We didn’t have a huge problem that needed figuring out, we were just off kilter and I knew that kilter would continue shifting until we did have some big problems. It’s important to rebalance before things explode. That’s what marriage is about. Recognizing the fissures, patching them up before they erupt and communicating wholeheartedly. I mean that: wholeheartedly. You have to be honest and vulnerable and real when you’re working on your marriage. There’s no patching up anything with resentment, anger and ego. You have to set everything aside and say, I feel this.
But it’s easy to just ignore the little fissures. You figure you can work on them later when the kids are older or the work is quieter. You figure because you’re married it’ll just work itself out in the wash. We’re committed and we love each other, that’s enough, isn’t it?
You must make the time. Squeezing in pillow talk before bed, finding a sitter for an afternoon date, coffee in the morning are all necessary for marriage growth.
On the night Clay wanted to go out and I wanted him to stay in, the elephant sat down at the table with us. I was mad at first but I wasn’t communicating clearly why. As our tempers flared, the elephant roared and the next thing I knew, we were fighting. Neither of us were communicating properly, we were both making assumptions of the other and it felt like an absolute dumpster fire with no reconciliation at the end. I walked away.
I stood in the hallway outside our kitchen while he sat at the table, out of my line of sight. It would’ve been so easy to go to our room, ignore him, go to bed. It would’ve been so easy for him to storm out of the house and go. It would’ve been an easy solution that would’ve led to a bigger problem. I took a deep breath and I went back to the table.
I laid it all out. I explained how overwhelmed I felt. I told him how underappreciated I felt. I told him my fears, my worries, my everything. In turn, he explained himself, his worries, his responsibilities, his fears. We explained how our ‘hards’ felt and how we needed the other person to compromise and give grace when we couldn’t be what the other needed. We left it all on the table.
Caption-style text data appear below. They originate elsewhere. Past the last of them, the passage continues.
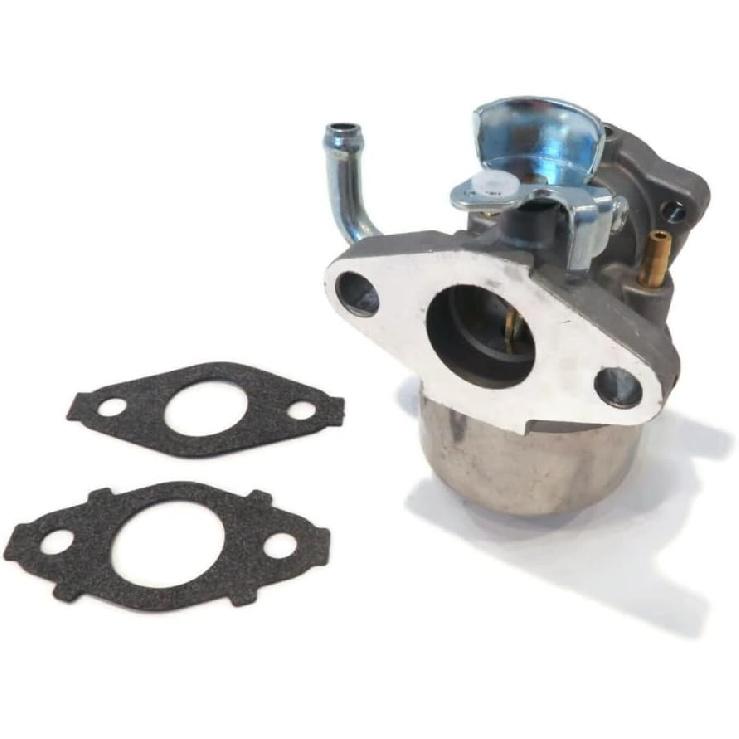 

Карбюратор для двигателя 250 куб.см Briggs & Stratton 1150 11.50 ft серии Snow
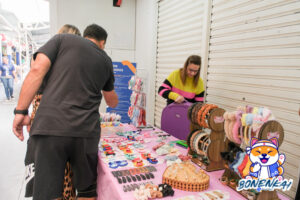 BONENKAI - 1º DIA – Educandário (2025)-1008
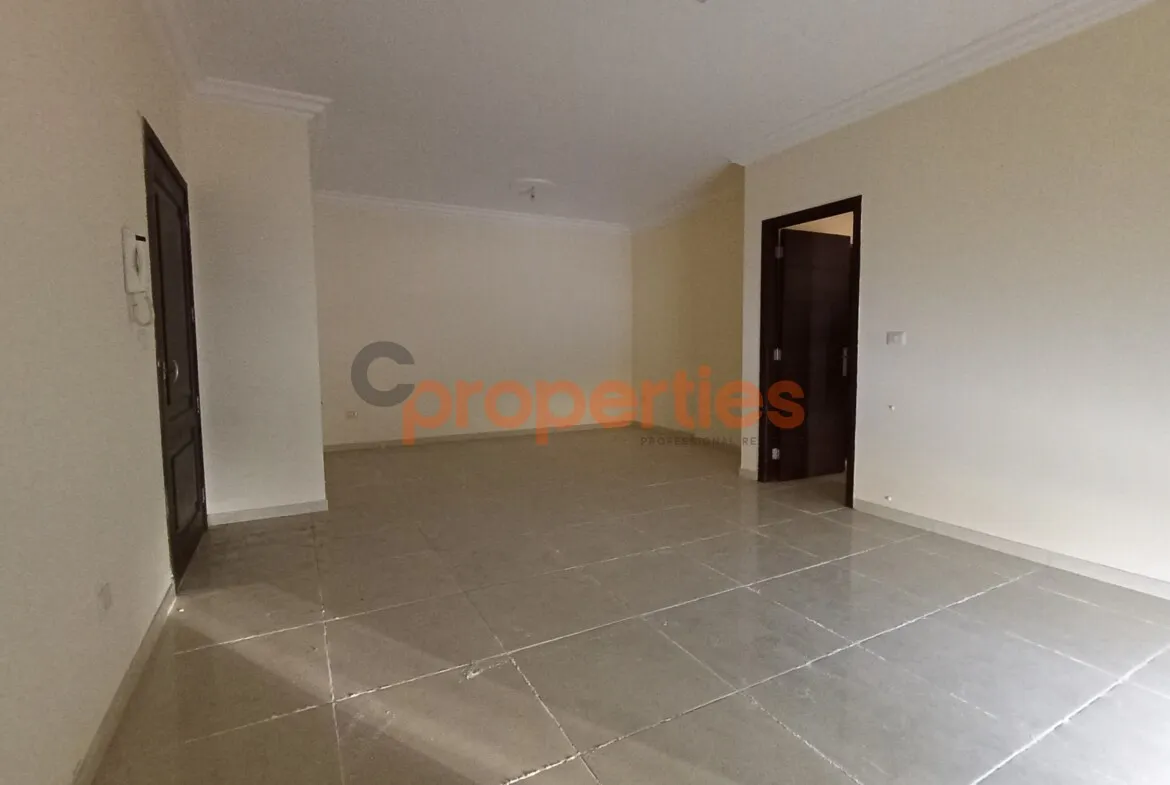 Apartment for Sale in Chekka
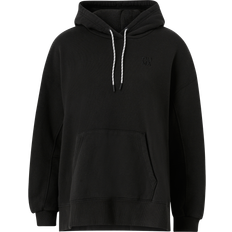 Puma Infuse Hoodie - Musta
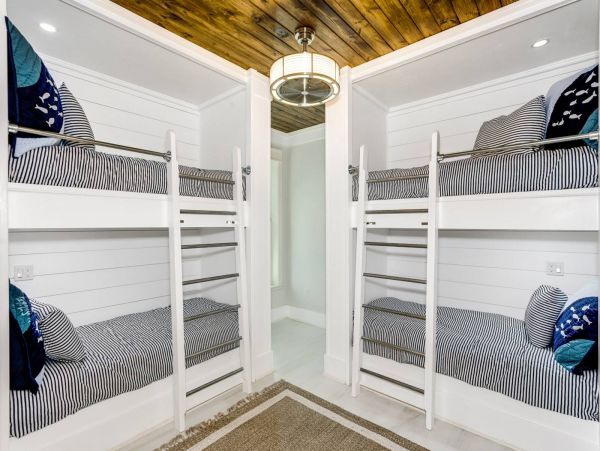 Pensacola Beach Home 1023989
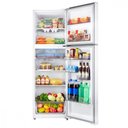 Ver imagem 2 de Refrigerador Midea Frost Free Duplex 425 Litros Branco 220v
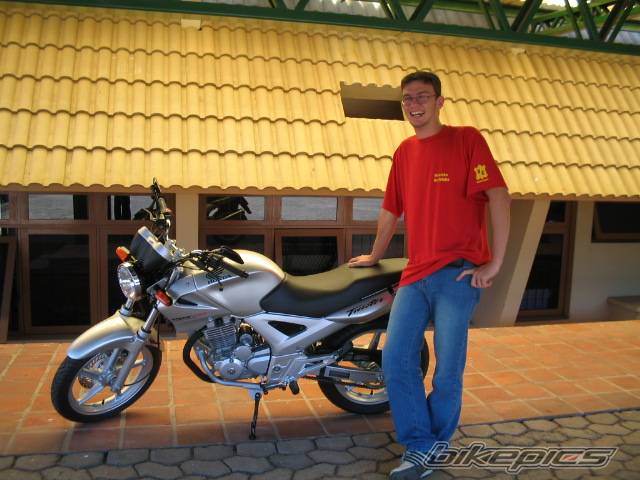 Photo 259888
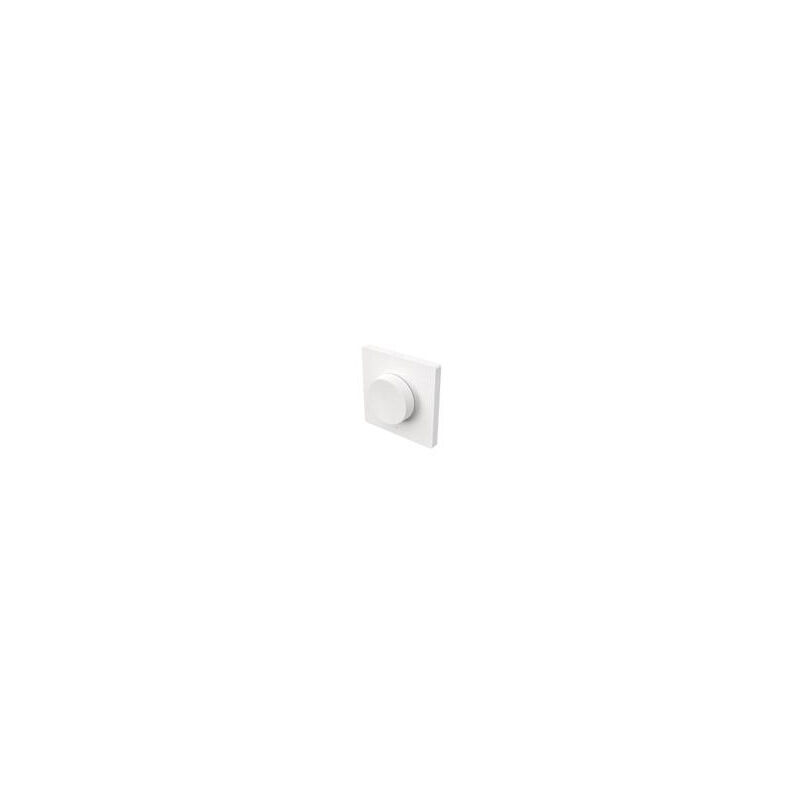 foto del prodotto smart dimmer wireless ylyk07yl yeelight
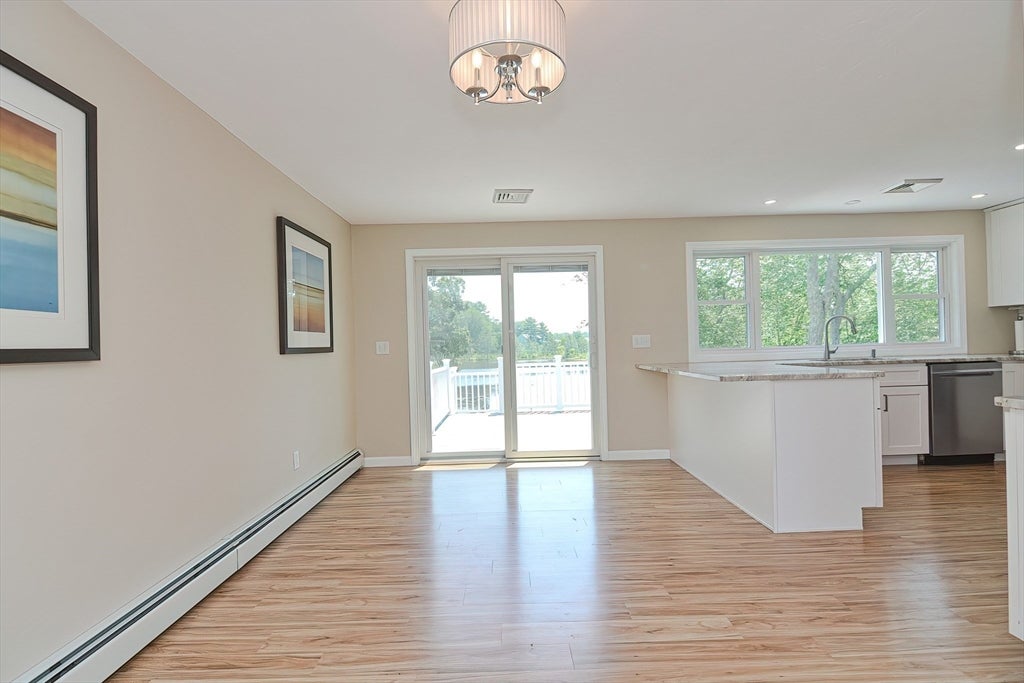 36 Birch Island Road, Webster, MA, 36 Birch Island Road, Webster, MA Photo #8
A lot happens around a table: deals are made, contracts signed, meals shared, secrets revealed, knowledge expanded. It’s at the table you meet on level ground. It’s at the table where it becomes Switzerland and you work out your problems.
I could’ve walked away. He could’ve left. We would’ve continued on being fine enough to not have complaints. But we wouldn’t have had any gushing feelings for the other either. We would’ve continued down that path of busy with kids and work and life and we would’ve been the perfect roommates co-existing under one roof.
But we’re not just roommates: he’s my husband. I’m his wife. We’re married and that means being intimate, not only with our bodies but with our souls, our feelings and our words.
I’m glad I came back to the table and we both laid bear everything going on in our worlds. We left that table feeling heard, loved and connected. We left it all on the table and that’s where it’s stayed. Our marriage is a little stronger now, our small fissures fixed, our commitment re-cemented.
Next time you want to take the easy road and walk away, do it. But only for a few minutes. Take 5 minutes to compose yourself but please come back to the table. Whatever comes from that will only be in both your best interests if you’re open, honest and real with each other. Do it for you, your partner, your family, your life. Look him/her/they in the eye, take a deep breath and lay it all out on the table.